The 1980s with its CGA, EGA and early VGA displays must be from before your time then? I definitely played games looking like that. I prefer not to use such filters, but some people might be nostalgic for it. One interesting application might also be for games that make use of the overscan border, which is not normally visible in DOSBox (and people have been trying to work around this), causing problems in games that need it such as Crystal Caves.
I'm referring less to the curve, and more to the scanlines[3]. The bleed in CRTs means that's not what it actually looked like when displayed on era accurate hardware, so it's always confused me why people would opt for a filter that claims to be "authentic" that does this, especially when emulating the visual experience enough to show screen rounding.
For example, here's a picture of an actual DOS ANSI output, from a CRT monitor[1], and here's the equivalent display from this filter[2]. In what way is emulating the scanlines making this more authentic?
Most SVGA CRT monitors I've used in 90's and early 00's actually displayed visibly discete scanlines in any video mode with less than 480 vertical lines, this includes classic VGA 80x25 text mode (actually 720x400, and in this mode the resulting effect is in fact somewhat pleasing to look at) and mode 13h (320x200 in 256 colors with double scan) which was popular for 90's games, the effect was even more pronounced with EGA's 640x350 (which is not double scan mode).
Edit: also this effect was easily visible on Windows 9x startup/shutdown screen, which IIRC uses 320x400 unchained mode.
Edit2: somewhat relevant to this is that many late 00's LCD monitors with only VGA input are not able to reliably keep synchronisation lock in double scan modes and there is significant subset of current monitors that will simply reject any 400-line mode (and there is significant subset of modern graphics cards that output classical VGA text mode as 640x480 or 720x480)
My first PC (an IBM XT clone circa 1985) came with a monitor which looked very much like the second image.
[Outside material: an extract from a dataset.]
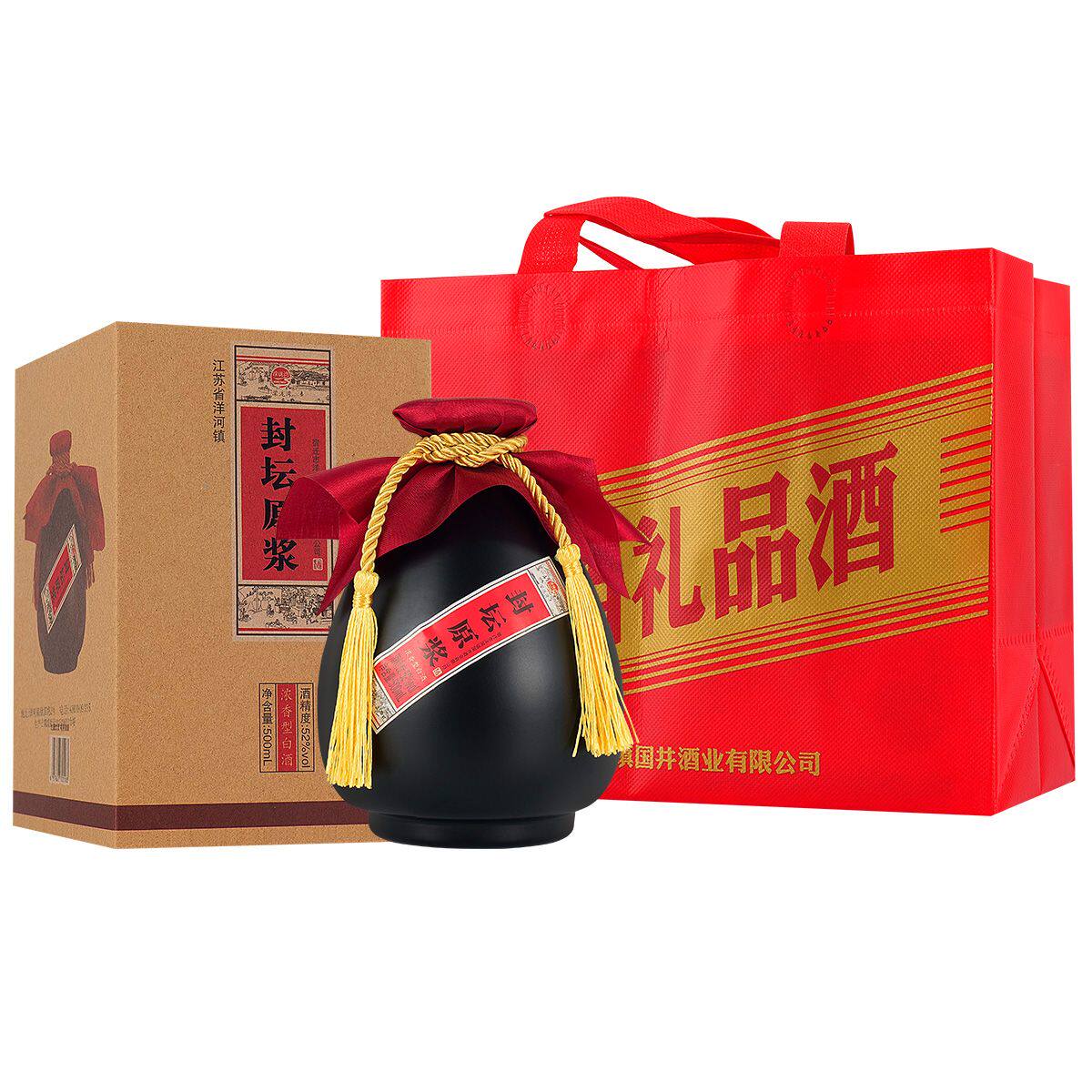封坛原浆礼盒白酒整箱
Later PCs I owned with higher-resolution monitors looked like the first screenshot.
Visible scanlines, or to be more precise, visible gaps between scanlines is usually a sign of a misadjusted monitor or one not running at the correct resolution. I don't exactly remember the name of the control (focus? bleed?) but there is one which adjusts the diameter of the beam, and is supposed to be set such that each scanline just touches its neighbours; you don't want them to bleed into each other, nor be so far apart as to approximate the IBM logo.
It's tricky to make a comparison of 'authenticity': for one thing, some displays had more visible scanlines and for another, it's the sort of detail that's easily lost in photos because you're taking a picture of a small, very-high contrast area and the artifacts often bleed together.
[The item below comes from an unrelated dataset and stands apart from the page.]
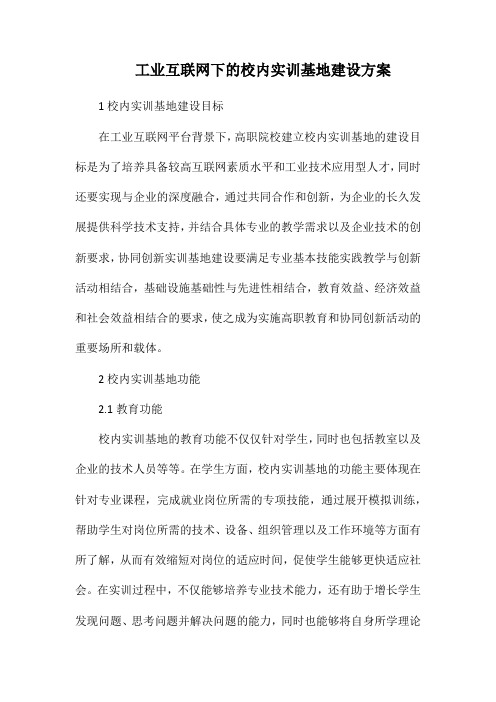 工业互联网下的校内实训基地建设方案.docx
It's not like everybody bought the same monitor back then. The hardware was all over the place quality wise. A lot of the hardware back then was really bad unless you were willing to pay literally thousands of dollars for a system too. You could definitely get smearing from too-long VGA cables or shitty controller boards or just hardware getting old and falling out of spec.
So the guy that had the honest to god IBM PS/2 that cost $10k thinks all of these artifacts are anachronisms, while the guy with the bargain basement hand-me-down Packard Bell thinks it looks perfect.
And someone who kept a radio next to their CRT with a big honking speaker might remember the scan line deviation being much bigger than someone who didn't.
Well, it can be tricky once you start getting accurate, but I'm not sure any display ever looked like these screenshots, or even very close to it. There was always some visual bleed to eyes as well, not just pictures.
I'm pretty sure even LCD panels just repeated lines and didn't leave them blank, so some portion of people actually used an LCD to play these originally might have close to perfect accuracy if they repeated lines.
The only times I can particularly remember scanlines being really bad and noticeable were on the old CGA displays in the 80's. And those didn't look like this representation by a long shot, there was a lot of bleed in those as well, the lines were just big enough the bleed didn't obfustate it quite as much. I can't comment on EGA/VGA, we went straight from a CGA monitor to a SVGA one in the late 80's or early 90's, I don't recall exactly when. It's possible there was a display type in there that I didn't use much which actually makes this representation more accurate.
I think the effect tends to be exaggerated in most of these implementations my points are just 1. visible scanlines were totally a thing. 2. it's really hard to take a representative photo of a CRT.
Also, human memory is a funny thing, and these sorts of things are easy to forget from your remembered experience, too. So to some it is exaggerated because they only remember it at its best and others it is spot-on because they only remember it at its worst. Because we notice problems more than things working, there may be more people in that second camp than in the first.
I've had CGA, EGA VGA (MCGA :) ) at that time. I clearly don't remember so much scanlines. There may have been some present, but they were not that visible (IIRC). So I tend to confirm what you say.